Vinyl kicks off with “People Like Me,” an upbeat tune about the working man. It’s about the person who doesn’t go to college, doesn’t have a filter on their mouth and bust their backs working nine to five everyday. While the sentiment of the song is in the right place, the whole song paints an us vs them theme that kind of rubs me the wrong way. Not to mention it’s a tired trope I’ve heard numerous times and done better. It’s just hard to get much out of a generic theme like this. The instrumentation is nice though, decidedly in that 90s country vein of rowdy and catchy that fans grew to love. Some pedal steel guitar plays in the album’s title track “Vinyl.” As you can guess from the title, the song revolves around vinyl, as the man compares his love for his woman to music on vinyl. Just like vinyl, he says his woman is the “old fashioned” type that you don’t see too many of anymore. This analogy works well enough and with vinyl’s popularity continuing to surge, it smartly appeals to a lot of people. It’s most likely the second single from the album, as it’s been getting a lot of airplay on Sirius XM’s The Highway for months.
“Missing” is undoubtedly one of the best tracks on the album. The song is about just going missing for a while, off to a place where the world can’t annoy you and getting away from the noise of everyday life. It’s a feeling we all experience. It’s just a simple theme, yet resonates so deeply because it’s a song rooted in real feelings that real people experience. The fiddles and steel guitar heard throughout are like a hot knife cutting through butter. The lead single of the album and Morgan’s first hit I’m sure of many, “I Met A Girl,” is next.
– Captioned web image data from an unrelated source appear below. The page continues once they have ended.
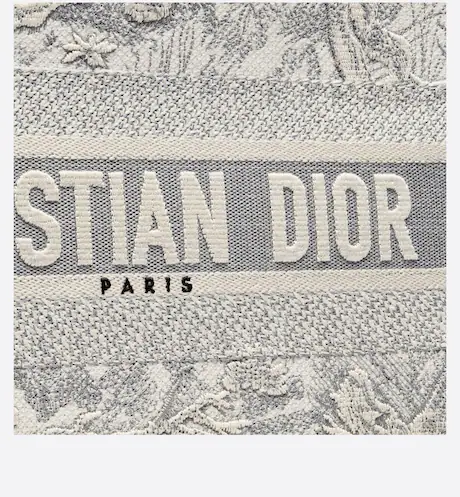 DIOR BOOK TOTE Gray Toile de  (36 x 27.5 x 16.5 cm)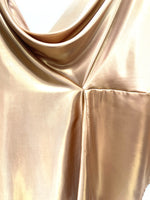 Liquid gold godet lehenga skirt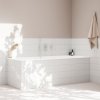 ES 061.10WV.O2 Podomítková baterie 2-cestná s tělesem, White Velvet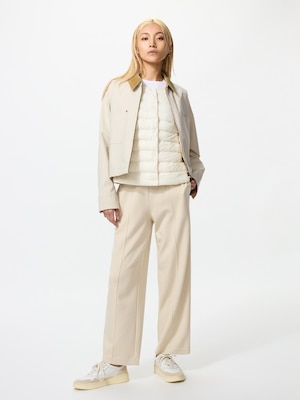 Stretch Double Face Straight Pants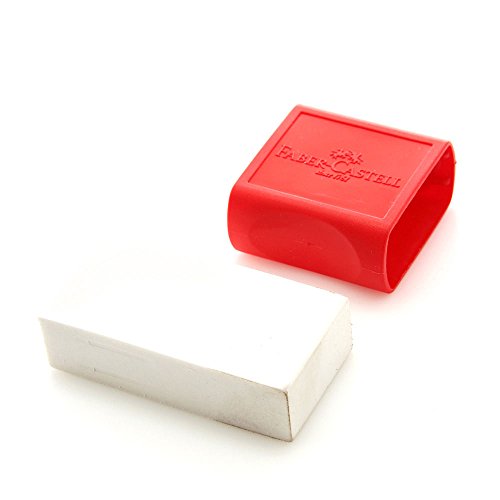 Borracha Pequena Comum Faber Castell, Multicor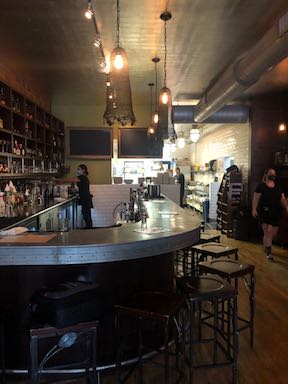 Bar close up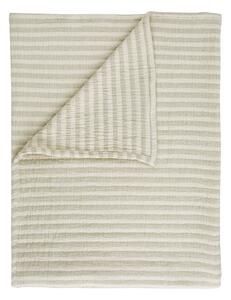 Zelená bavlněná deka 150x200 cm Cotton Muslin Stripe – Bianca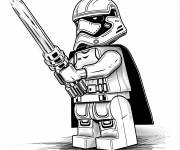 Coloriage Lego Star Wars Soldat align&eacute;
The song is about a man meeting a girl (you could figure this out from the title) and the ways this girl make him feel. He’s obviously struck by her. That being said there isn’t a lot of meat to this song either. Then again with a first single you can’t expect something too deep and really this goes deeper than most debut singles. As many have heard already, Nashville pop artist Sam Hunt helped write it and I’m sure that will make your head spin if I just broke the news to you.
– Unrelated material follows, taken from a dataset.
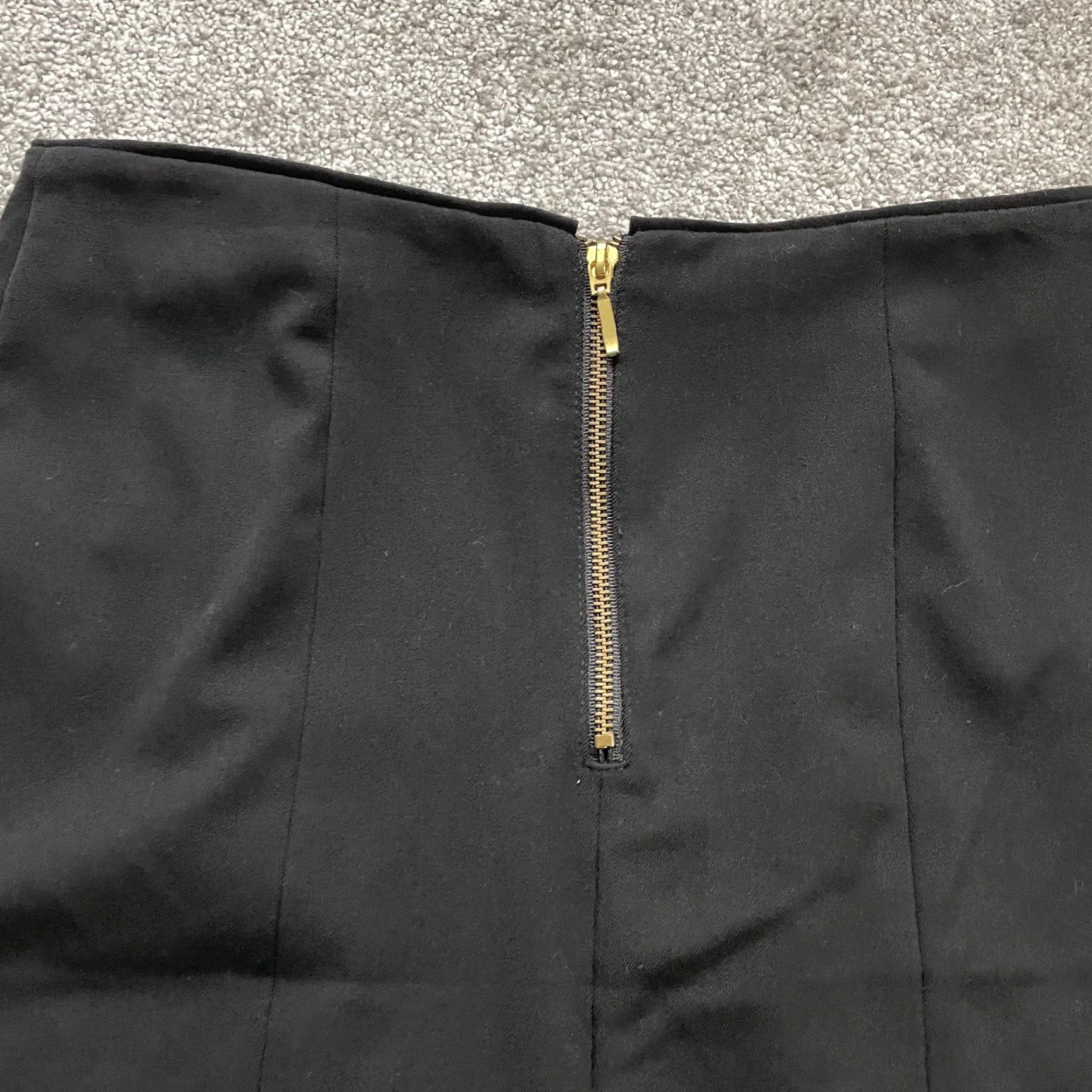 H&M H&M Pencil Straight Skirt Womens 40 Solid Black Knee Length Back Zip Workwear Size 27" / US 4 / IT 40 - 3 Thumbnail
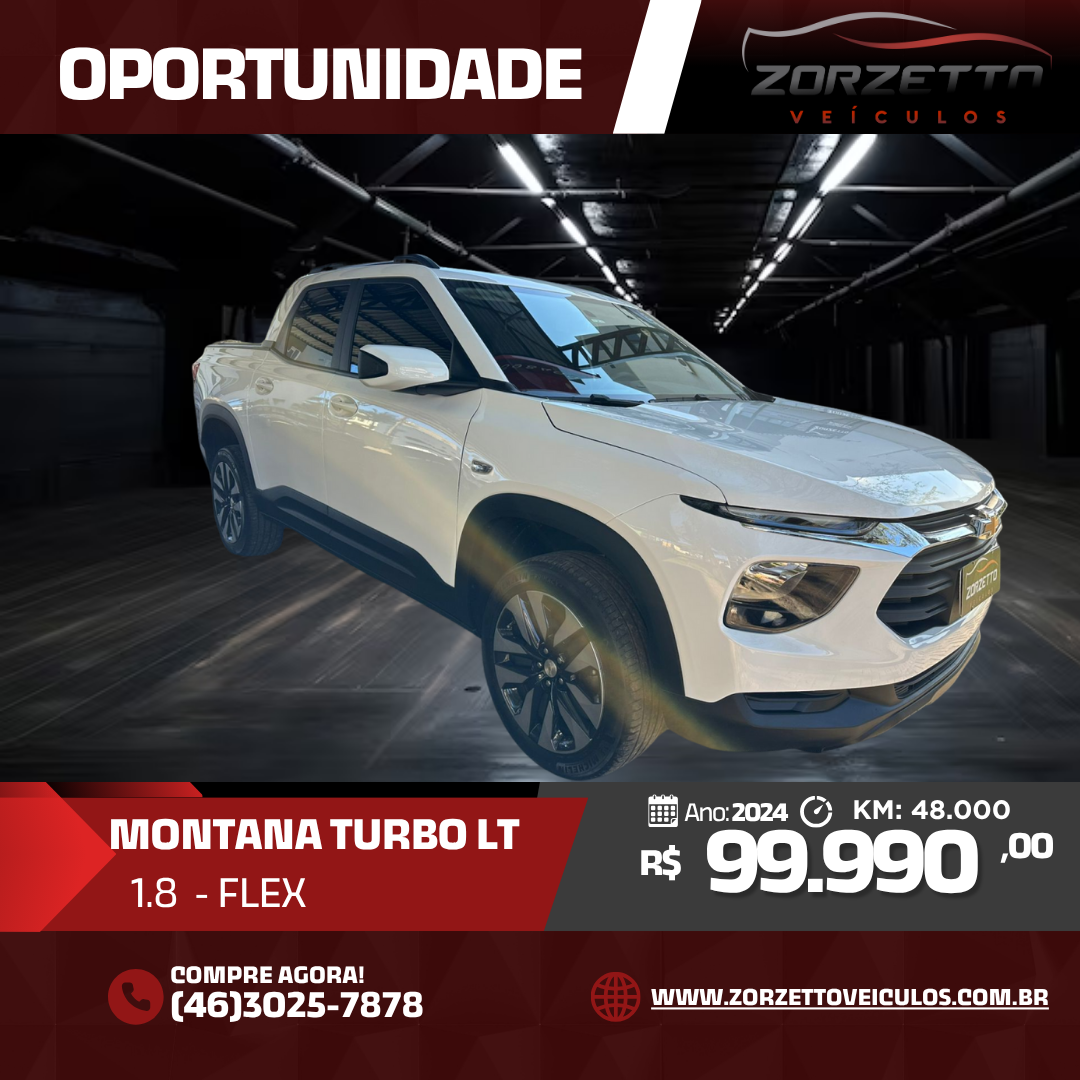 Chevrolet Montana Turbo LT - Abaixo da Fipe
Following this is “Spend It All on You,” a song with a sort of lingering tone. It’s about a man wanting save up all of his time to spend it with the love of his life. Again just like “People Like Me,” this song just doesn’t do much for me. When I say it has a lingering tone, I don’t just refer to the production and instrumentation. The lyrics are pretty generic and the song feels like it drags on too long, even though it clocks in just over three and a half minutes. For a romantic love song, I think it tries too hard to convey this feeling. “Beer Drinker” is what you would call one of the most “radio friendly” songs on Vinyl. The song is about shouting out all of the hard-working people out there who bust their ass and finish it off with cold beers at the end of the week. It’s an ode to the working man. But while the lyrics err on the side of radio friendly, the instrumentation is still decidedly country. Think of this as a better, more country version of Lee Brice’s “Drinking Class.”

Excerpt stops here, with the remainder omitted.